**DATASET:**
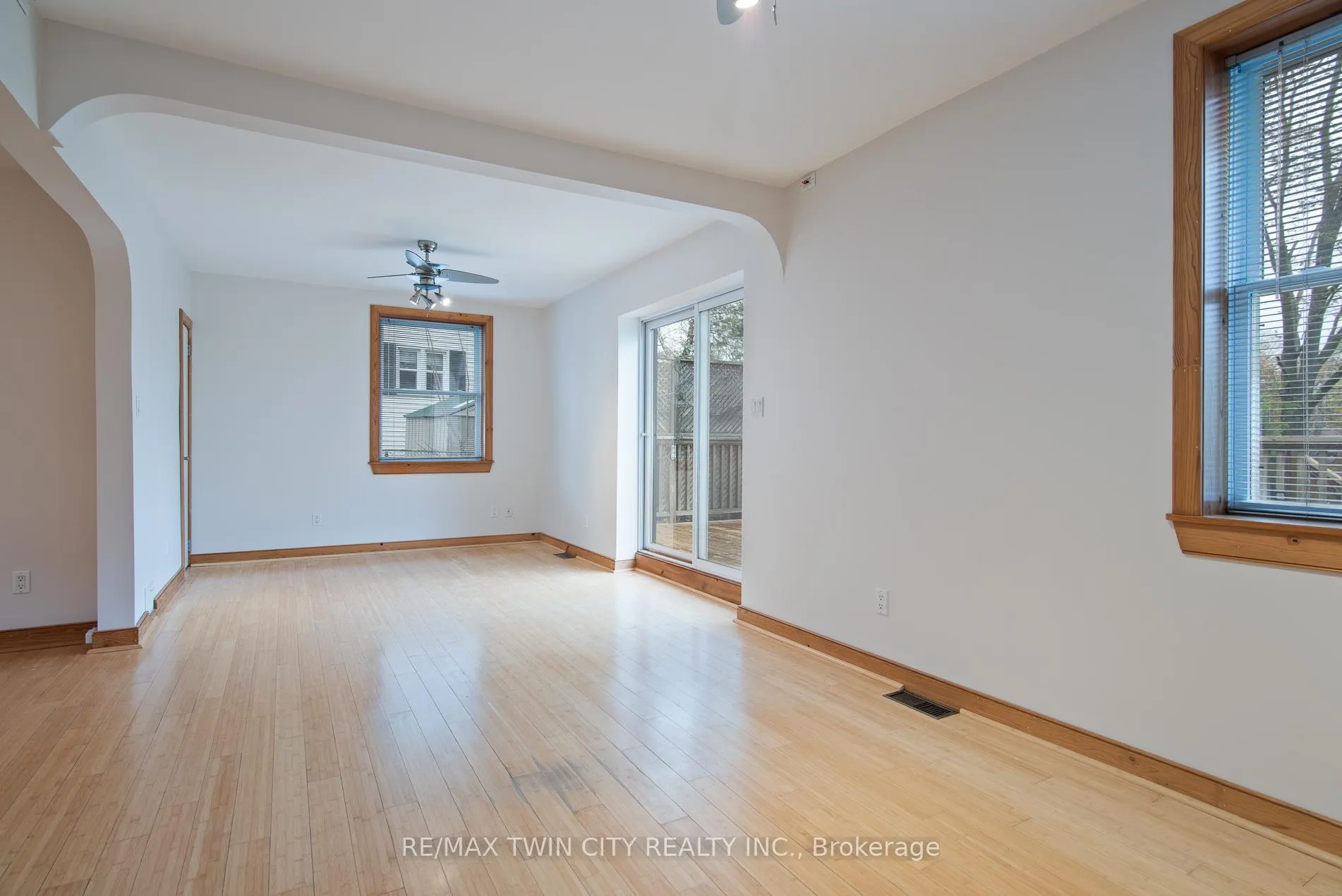 Photo 18 of 143 Bridgeport Road E, Waterloo — HOMEH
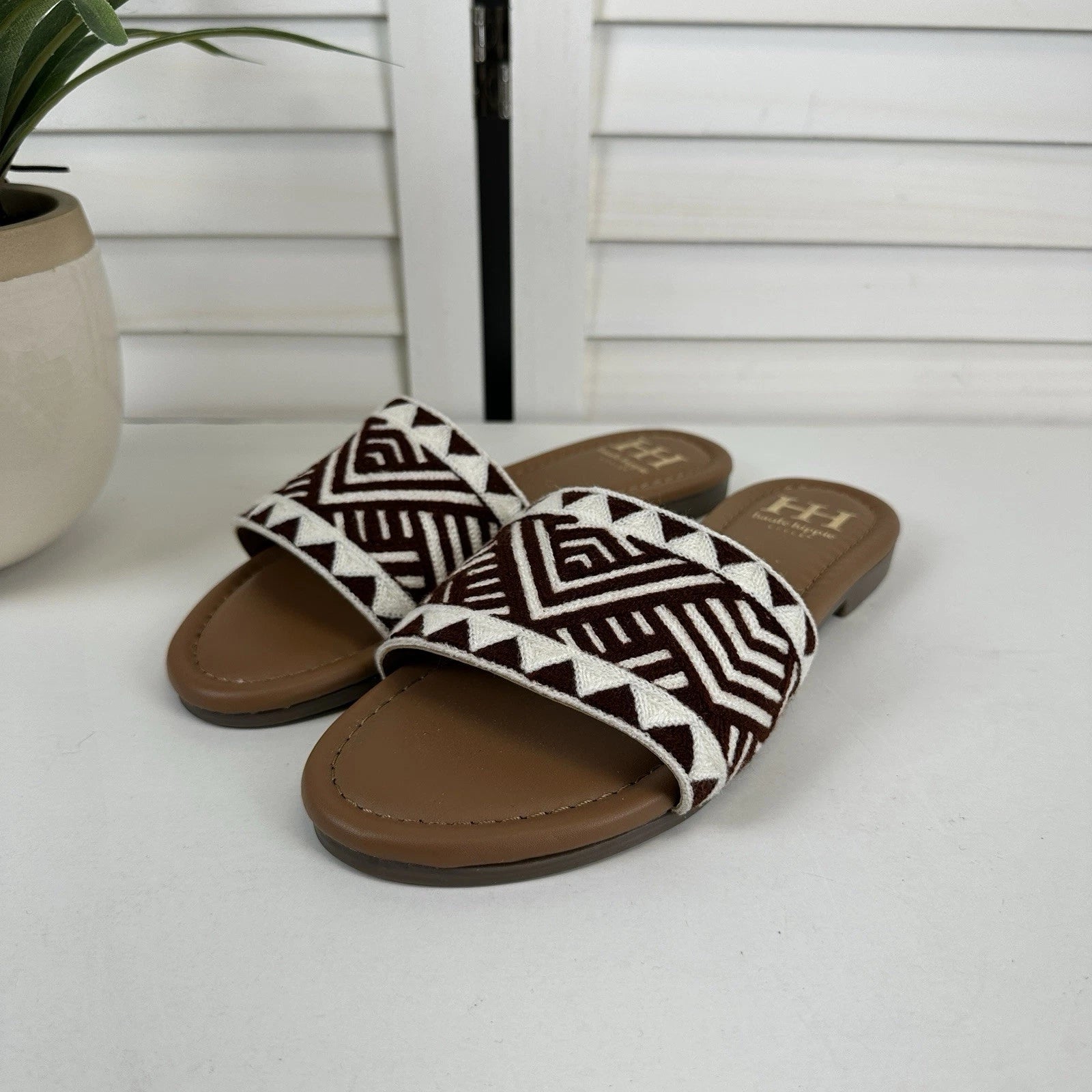 Haute Hippie Style Embro Slide Sandal Geometric Southwest Aztec Flat Shoe Size 7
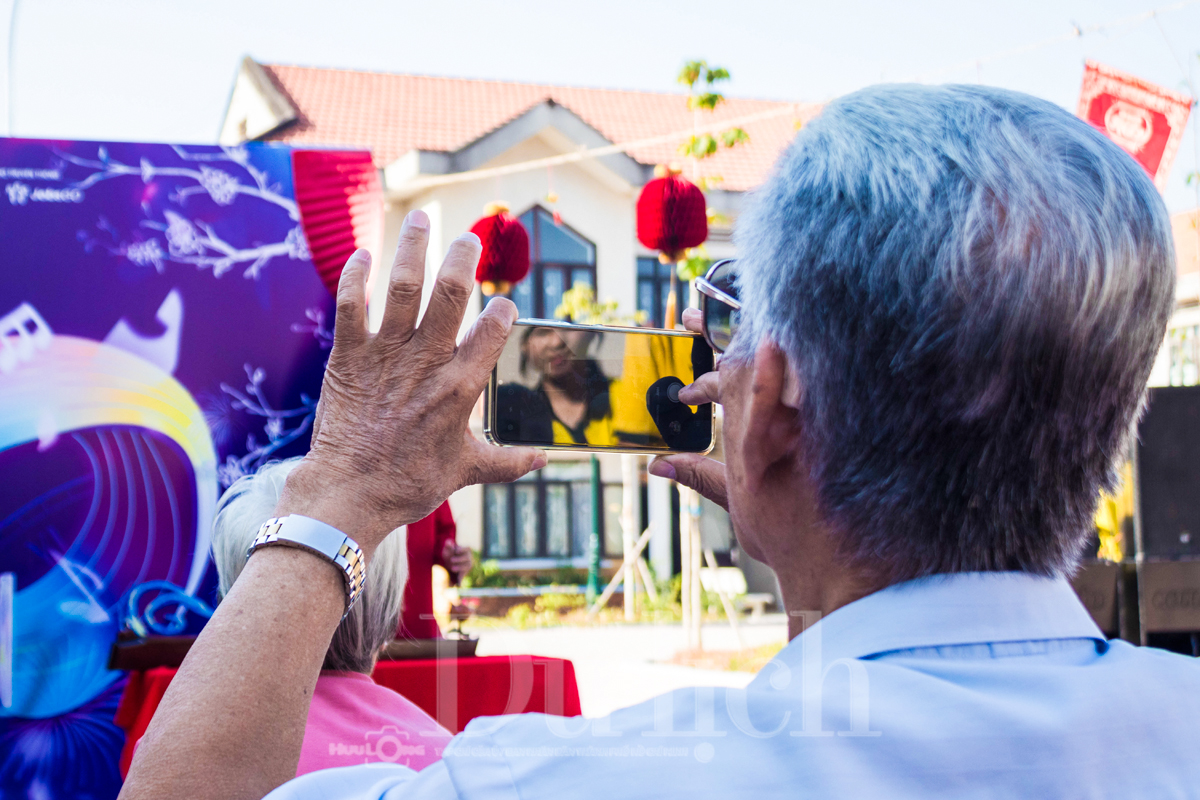 Hành trình ‘Giai điệu đơm xuân’ – Trạm dừng âm nhạc sưởi ấm trái tim người cao tuổi - 6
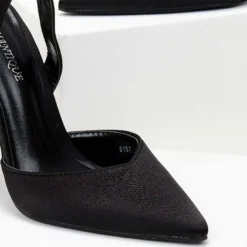 The Fashion Project Γόβες σατέν με λουράκι - Μαύρο 10 The Fashion Project Γόβες σατέν με λουράκι - Μαύρο -Γόβες Εκπτώσεις goves saten muteres me louraki 105473 xkij 1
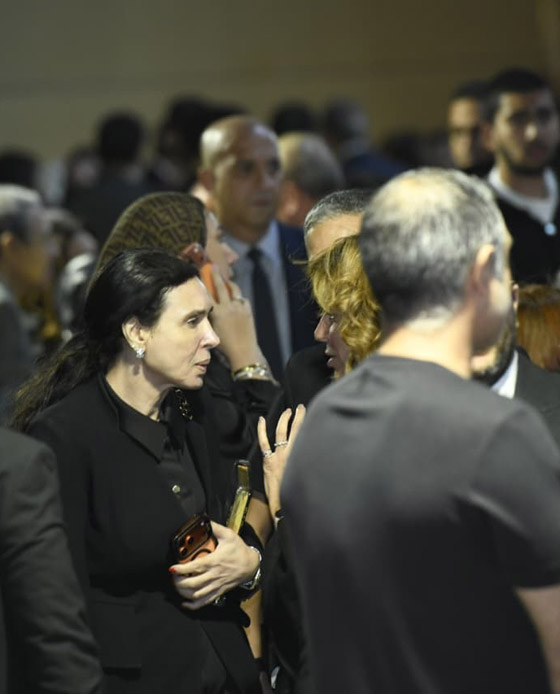 النجوم في عزاء هاني شاكر: تامر حسني، يسرا، دنيا وإيمي سمير غانم، حسبن فهمي، هيفاء وهبي، أنغام، ولبلبة صورة رقم 11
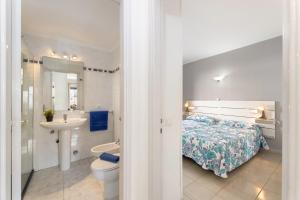 une salle de bain avec un lit, un lavabo et des toilettes dans l'établissement Apartamentos Luz Y Mar, à Puerto del Carmen 6 autres photos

**WORK INSTRUCTIONS:** Please quote the records above exactly, beginning at the line that contains "The Fashion Project Γόβες σατέν με λουράκι - Μαύρο 10" and ending at their last line. Leave the pictures out.

**RESPONSE TO THE TASK:**
 The Fashion Project Γόβες σατέν με λουράκι - Μαύρο 10 The Fashion Project Γόβες σατέν με λουράκι - Μαύρο -Γόβες Εκπτώσεις goves saten muteres me louraki 105473 xkij 1
 النجوم في عزاء هاني شاكر: تامر حسني، يسرا، دنيا وإيمي سمير غانم، حسبن فهمي، هيفاء وهبي، أنغام، ولبلبة صورة رقم 11
 une salle de bain avec un lit, un lavabo et des toilettes dans l'établissement Apartamentos Luz Y Mar, à Puerto del Carmen 6 autres photos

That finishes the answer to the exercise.